▶ [Input for this task]

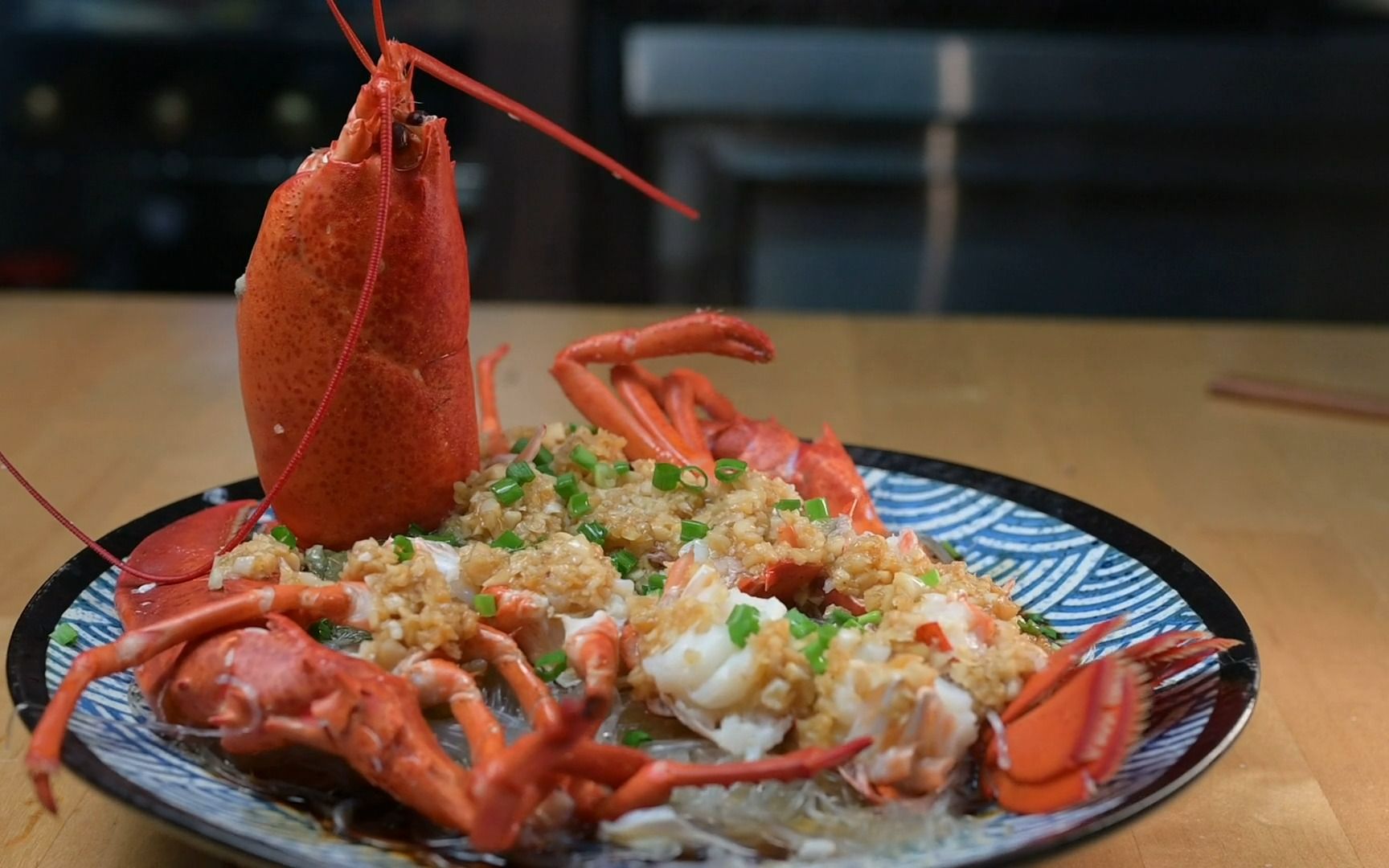 年夜饭大菜 之 蒜蓉粉丝蒸龙虾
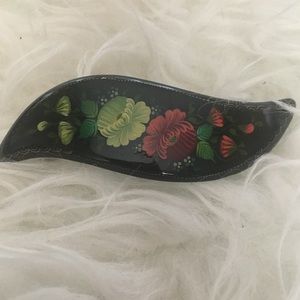 Vintage hand painted Russia barrettes and pin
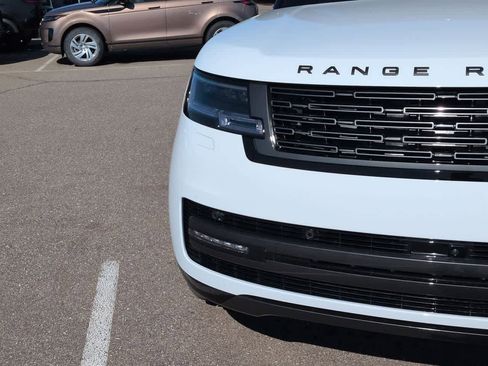 New 2026 Land Rover Range Rover Long Wheelbase SE AWD/4WD image 10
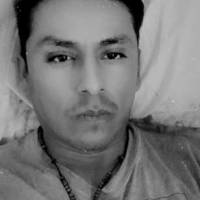   Hombre de 46 años Villa Lugano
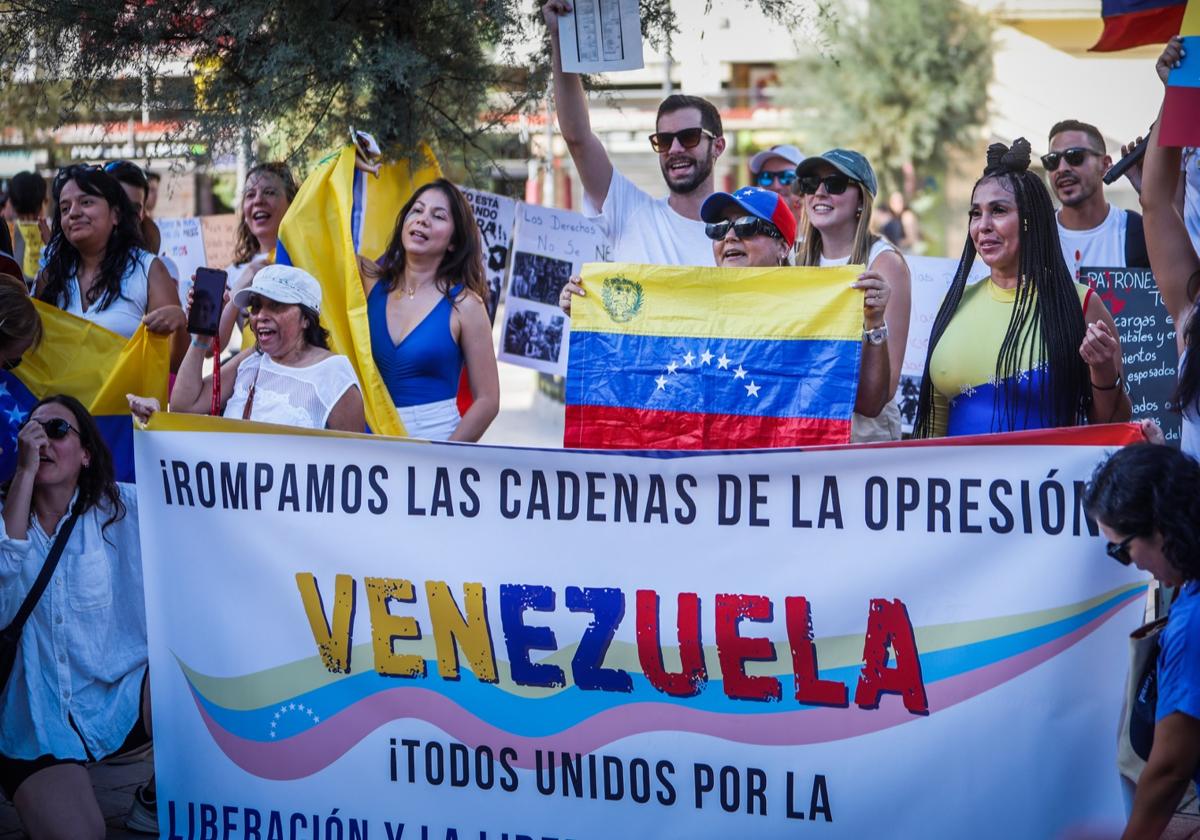 Granada se suma a la protesta mundial en apoyo a Venezuela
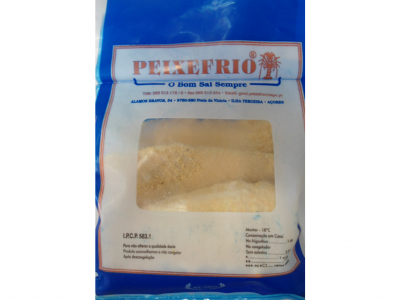 Embalagem azul e branca de sal grosso da marca Peixefrio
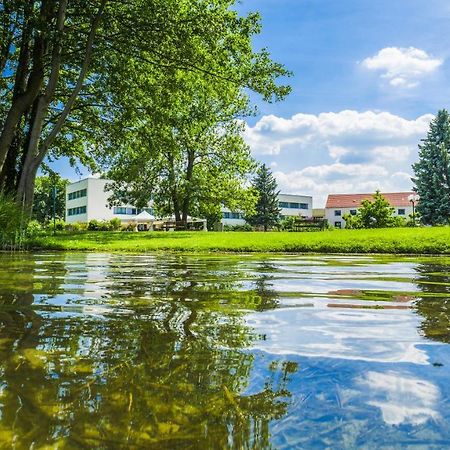 Seepark Hotel Am Wandlitzsee Екстер'єр фото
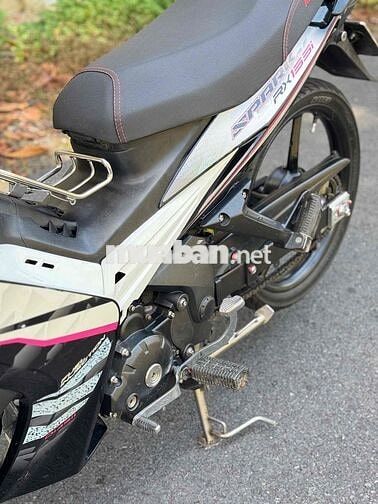 Yamaha 135 2013 1 càng Trắng đen xuống áo 2010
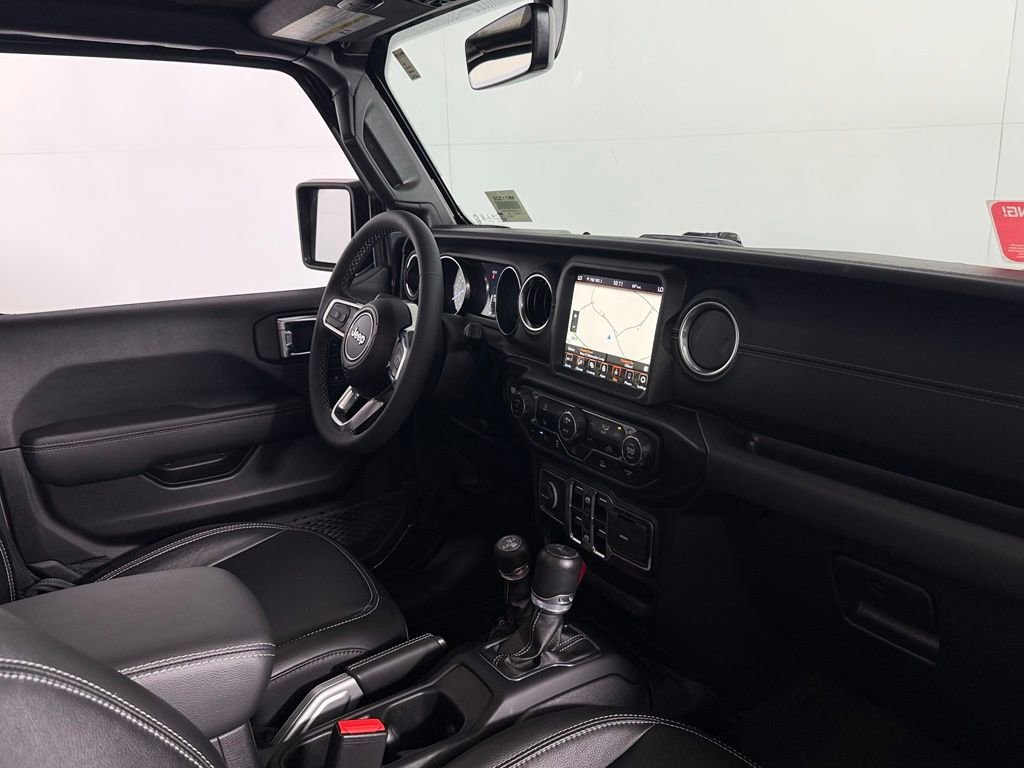 Used 2023 Jeep Wrangler Unlimited Sahara AWD/4WD image 31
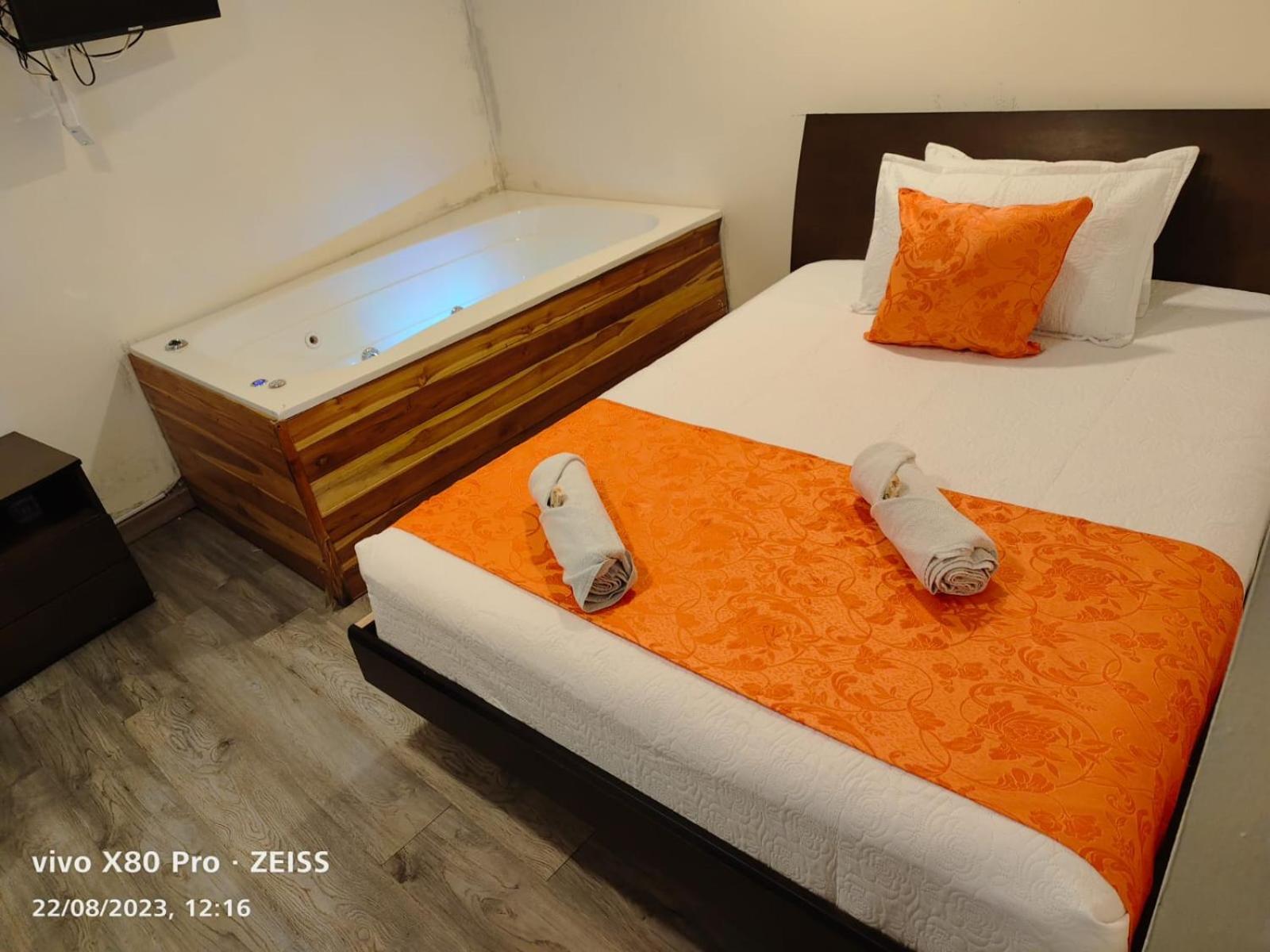 Hotel Kristal Ferial Bogotá Kültér fotó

▶ [What is being asked]
Please reproduce nothing but the lines from the one containing "Vintage hand painted" through the closing line of the listing, retyped word for word, pictures excluded.

▶ [Result of this exercise]
 Vintage hand painted Russia barrettes and pin
 New 2026 Land Rover Range Rover Long Wheelbase SE AWD/4WD image 10
   Hombre de 46 años Villa Lugano
 Granada se suma a la protesta mundial en apoyo a Venezuela
 Embalagem azul e branca de sal grosso da marca Peixefrio
 Seepark Hotel Am Wandlitzsee Екстер'єр фото
 Yamaha 135 2013 1 càng Trắng đen xuống áo 2010
 Used 2023 Jeep Wrangler Unlimited Sahara AWD/4WD image 31
 Hotel Kristal Ferial Bogotá Kültér fotó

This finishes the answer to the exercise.